America is divided. So it’s no surprise that Silicon Valley is divided as well: between Hillary and Bernie however. Not Hillary and Trump. A New York Times article details how many of the young tech workers in Silicon Valley – burdened by mountains of student debt – are fervent supporters of Sanders, who is not liked or even known very well in the tech community.

That is, the community of tech owners, managers, and innovators. And investors of course. Not the community of your average entry-level employee. Who may be well-educated, but are barely beginning to chip away at their accumulated debt load.

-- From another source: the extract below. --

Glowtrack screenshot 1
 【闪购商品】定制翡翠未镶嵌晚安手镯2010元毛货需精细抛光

What does the technocracy want? Expanded H1-B visa programs to displace older, well-paid employees with substantially cheaper foreign workers from East and South Asia mostly; expanded trade agreements so Google and Uber and Facebook and everyone can sell more in China; fairly open immigration laws in general – apparently over 40% of recent tech start-ups were founded by immigrants. And Trump’s call to boycott Apple because of the encryption face-off with the FBI is an affront to many tech owners. They are the innovative meritocracy where science trumps (unavoidable) civics every time.

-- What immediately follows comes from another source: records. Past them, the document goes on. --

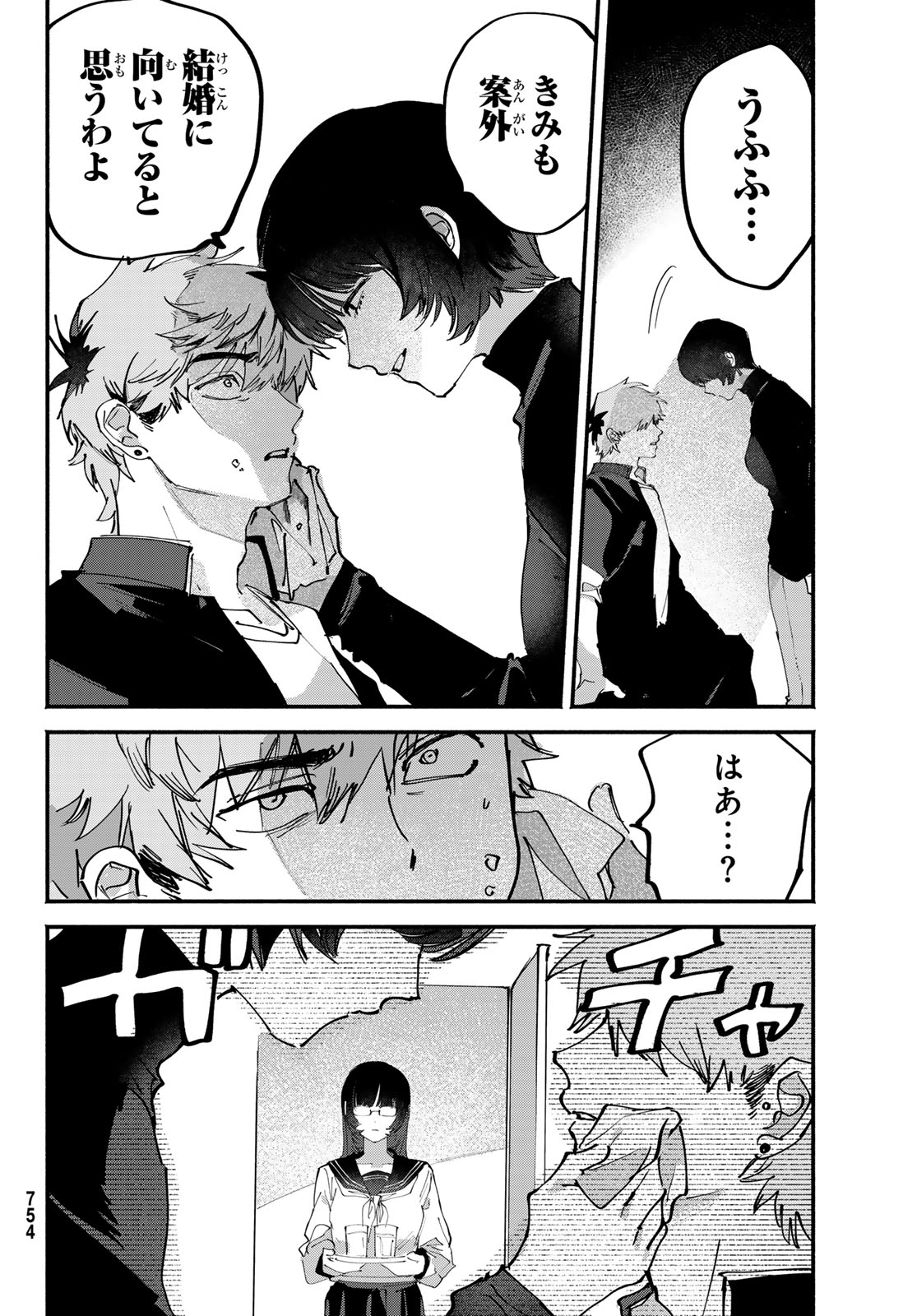YUGAMI NO TORIKO Chap 12 - Pic 10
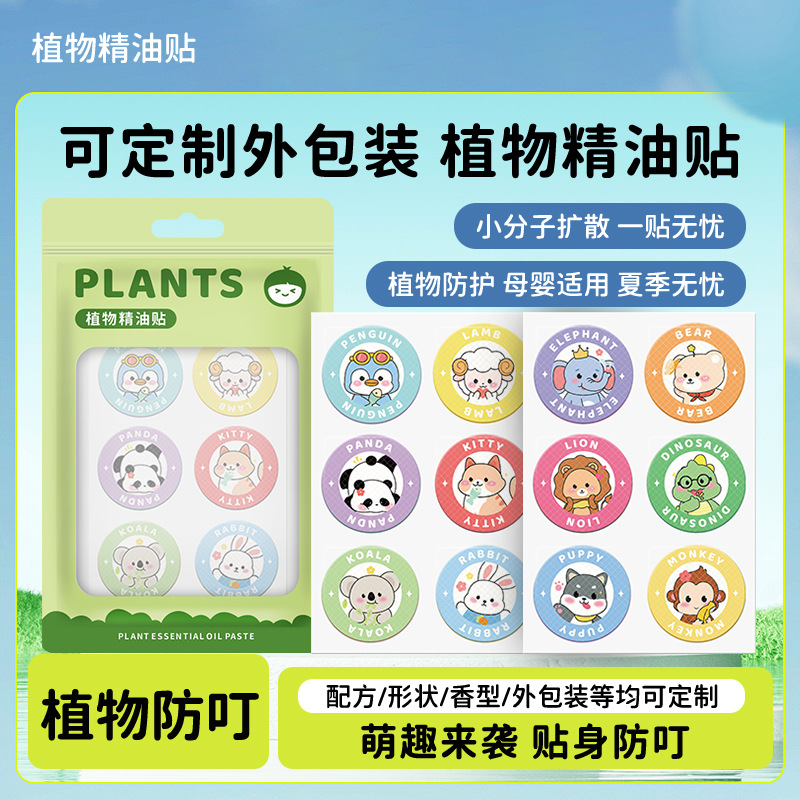 Стикеры с эфирными маслами для детей, летние наклейки, оптовая продажа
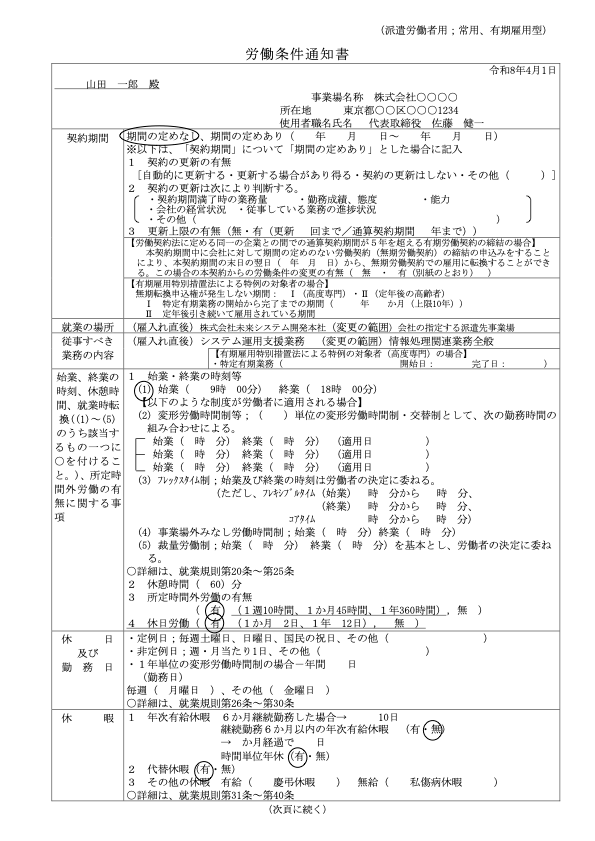 労働条件通知書（派遣労働者用）記入例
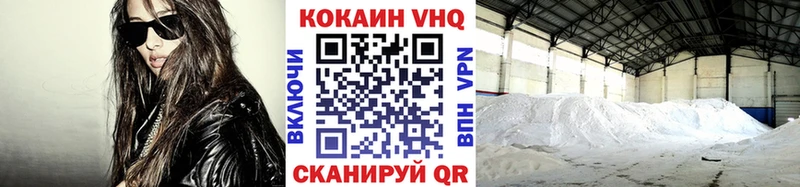 Кокаин VHQ  Каспийск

These are not Trump-friendly policy options, to say the least. But the division between tech and Trump goes further than that. Trump’s campaign has given hope to lower-income, white working-class voters. Yes, people call them all sorts of other names. And the average Trump supporter, by the way, is not lower-income but closer to upper-middle income, according to the wonks at fivethirtyeight. But tech lives in an alternative universe compared to an under-employed coal miner in West Virginia.

So while tech elites will vote and fundraise for Hillary, while many tech employees will hope Sanders keeps fighting right to the convention, there is a core (but maybe not an overwhelming majority) of Trump supporters who see their relative – and even absolute in some cases – incomes falling and who have lost a lot of hope in the ruthless tech-heavy world they are trying to survive in. Their concerns are not just opposed to much of Silicon Valley’s political agenda, they exist in a far different world. Hostile resentment faces off against dismissive aloofness.

Yes, Trumpkins can be angry and even threatening. But Silicon Valley would delete a good measure of America’s civics, understood as the duties any employer has, and some of its sovereignty, in the name of innovation and it’s endless iterations. Which are no longer justified in terms of their effects on average citizens, but rather because they can lower costs.